WHAT YOU HAVE TO DO: For the entries that follow, restate word for word the line containing "Tim Penyidik KPK", the line containing "5063 Henriette Rd, Grasston, MN 55030", and every line that lies between them.

____ DATA EXTRACTS

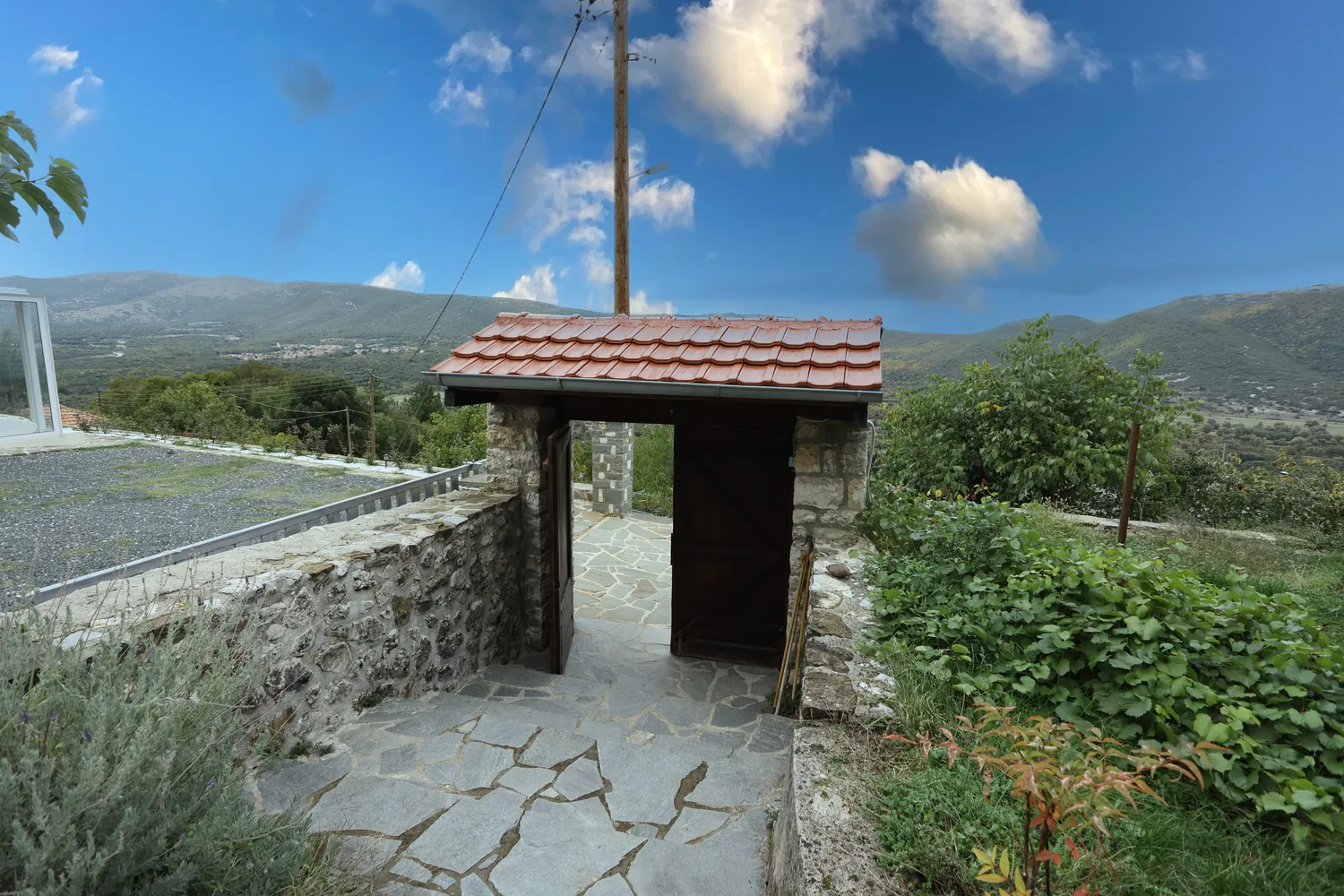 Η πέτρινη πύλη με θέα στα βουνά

________
____ DATA EXTRACTS

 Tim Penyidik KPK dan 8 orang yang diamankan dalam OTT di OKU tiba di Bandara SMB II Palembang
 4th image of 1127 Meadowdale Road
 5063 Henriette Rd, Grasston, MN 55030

________

RESPONSE TO THIS TASK:
 Tim Penyidik KPK dan 8 orang yang diamankan dalam OTT di OKU tiba di Bandara SMB II Palembang
 4th image of 1127 Meadowdale Road
 5063 Henriette Rd, Grasston, MN 55030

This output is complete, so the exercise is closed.